Weiming Xia, MED professor of pharmacology and experimental therapeutics

Xia is an expert in Alzheimer’s disease and related neurodegenerative disorders. His 1999 Nature paper about his postdoctoral research linking presenilin and gamma secretase directly led to a specific therapeutic target for Alzheimer’s disease. His current research focuses on identifying therapeutic targets for Alzheimer’s and developing biomarkers for Alzheimer’s diagnostics and therapeutics. He is the PI on VA Merit and Pilot Awards and on a Cure Alzheimer’s Fund foundation grant.

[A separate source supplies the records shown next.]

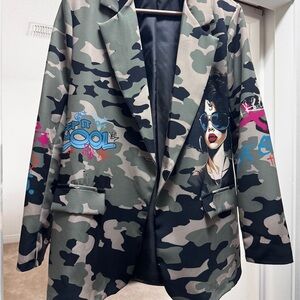 One Size Fits Mosts Italian Disco Camo
Print Blazer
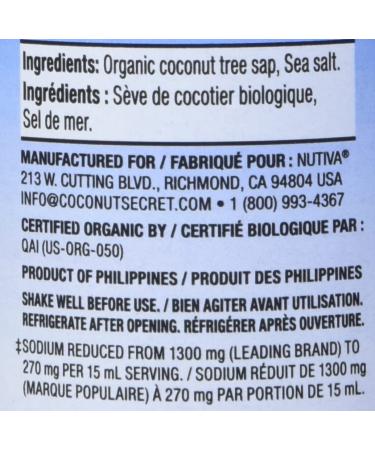 Coconut Secret Coconut Aminos 16.9 fl oz - Organic Low Sodium Soy Sauce Alternative | Vegan, Gluten-Free, Keto & Paleo Friendly - Buy Online on SooperMarket.com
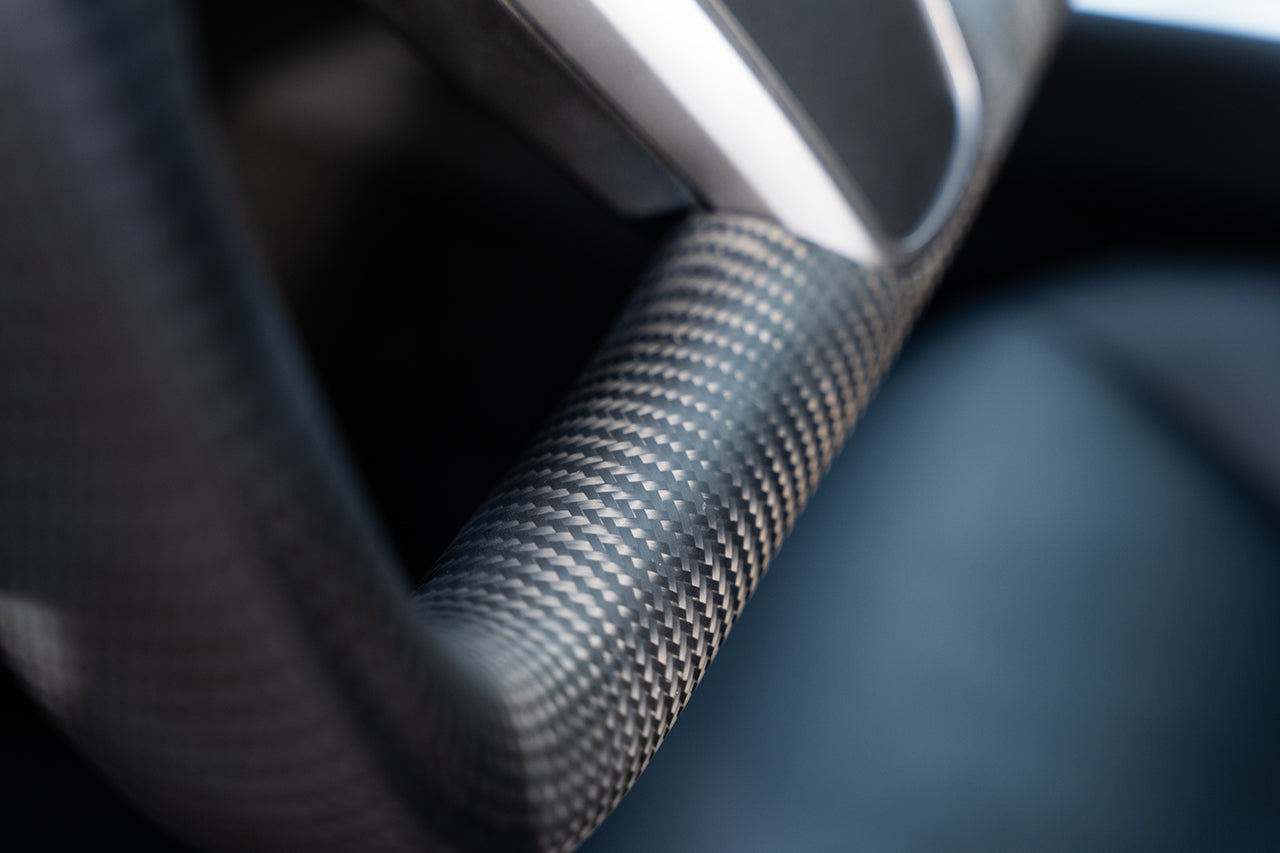 Tesla Model 3 / Y Premium Yoke Steering Wheel with Carbon Fiber or Stitched Leather & Heated Grips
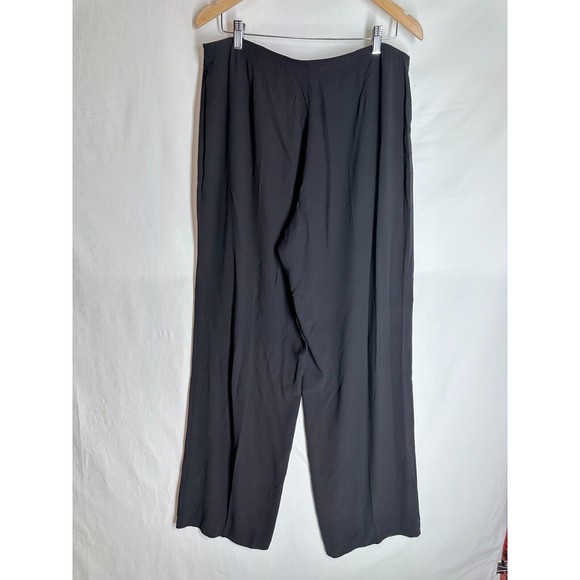 Eileen Fisher Womens High Rise Wide Leg Silk Pants Black Size Large - Picture 2 of 8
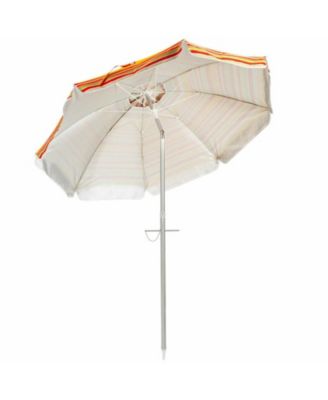 6.5 ft Portable Beach Umbrella with UPF 50+ Sun Protection Sand Anchor and Carry Bag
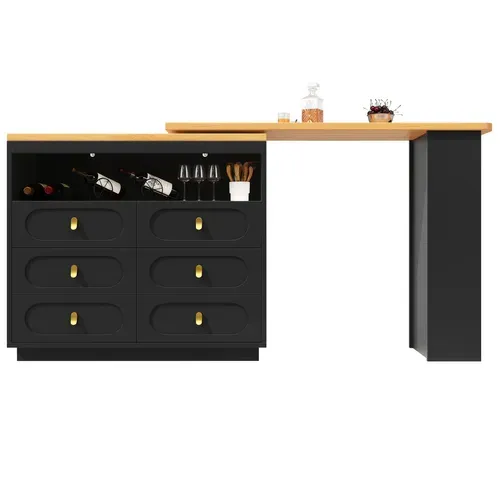 Table De Bar Extensible 203x39x90 Cm, Rotation Fluide à 360°, 6 Tiroirs, Compartiment Ouvert, Noir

He has 95 peer-reviewed journal articles, 13 invited peer-reviewed critical reviews in journals such as Nature, PNAS, and Cell and in leading Alzheimer’s disease and neuroscience journals, and 12 book chapters, and is an editor of Amyloid Precursor Protein: A Practical Approach.

Ching-Ti Liu, School of Public Health (SPH) professor of biostatistics

Liu, an expert in statistical genetics and its applications, specifically on obesity, type 2 diabetes, and musculoskeletal disorders, is a biostatistician and statistical geneticist on several large research consortia and coleads the African American Genetics of Glucose and Insulin Consortium and the Anthropometric and Adiposity working group in the Cohorts for Heart and Aging Research in Genomic Epidemiology Consortium. He has had more than 100 peer-reviewed journal articles in Nature, Nature Genetics, Genome Biology, and the American Journal of Human Genetics. Liu has a portfolio of externally funded research, most from the NIH. An exemplary teacher and mentor, he has developed three new courses and has twice received the SPH Excellence in Teaching Award.

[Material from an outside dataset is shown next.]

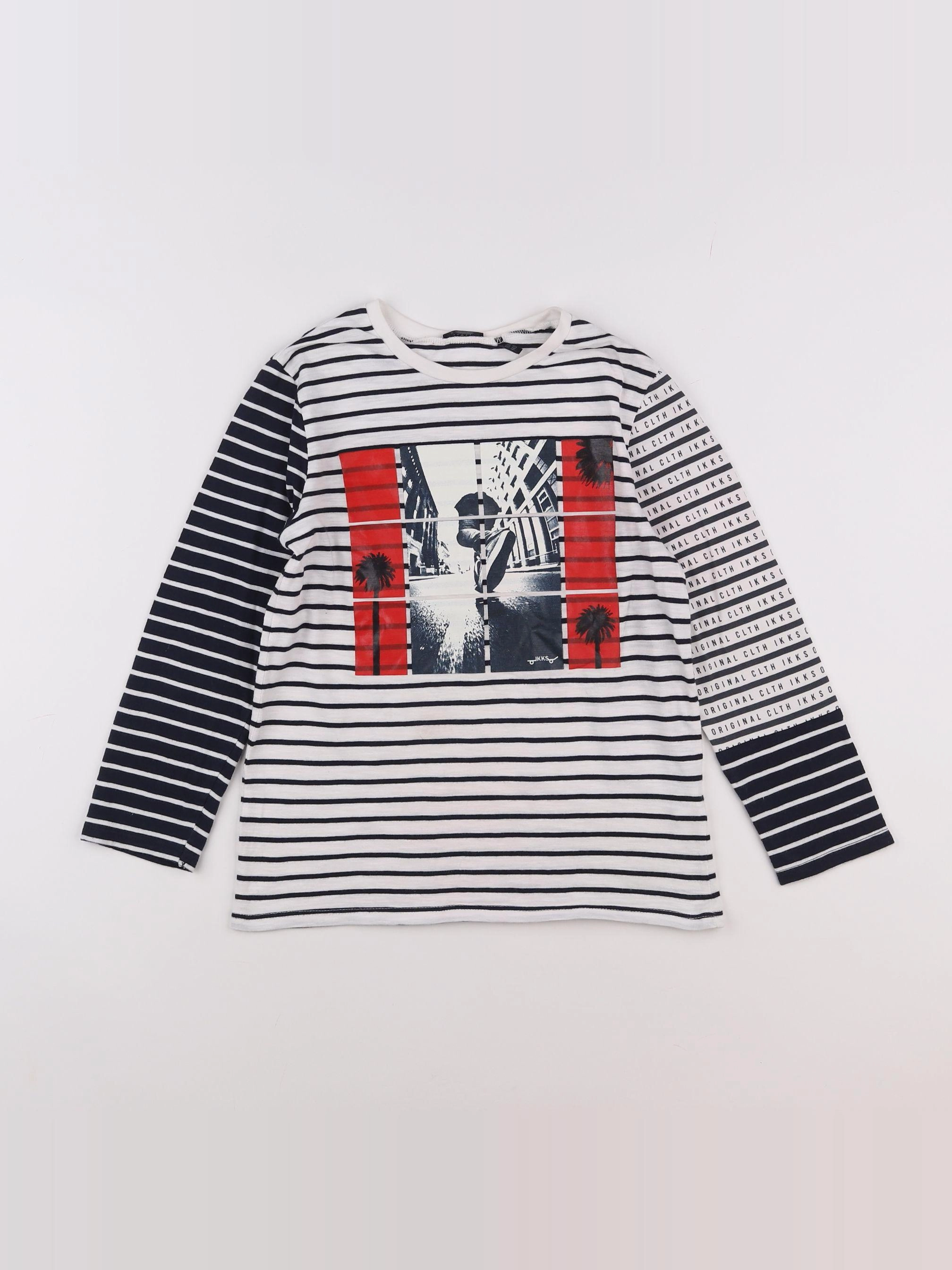 IKKS - tee-shirt blanc, bleu - 10 ans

Emily Rothman, SPH professor of community health sciences

Rothman’s research focuses on violence prevention in the areas of dating abuse and sexual violence, human trafficking, and community violence. Her scholarship on relationship violence has been ahead of its time, well before the #MeToo movement. Her research has been funded by the NIH, the National Institute of Justice, the Department of Justice, the US CDC, and the Robert Wood Johnson Foundation. She has more than 85 peer-reviewed publications, many in such high-impact journals as the New England Journal of Medicine, the American Journal of Public Health, JAMA, and Pediatrics. Rothman’s honors include three SPH teaching awards and the Linda Saltzman New Investigator Award from Futures Without Violence and the CDC Foundation. She has facilitated psychoeducational groups and individual counseling interventions for perpetrators of partner and sexual violence since 1997.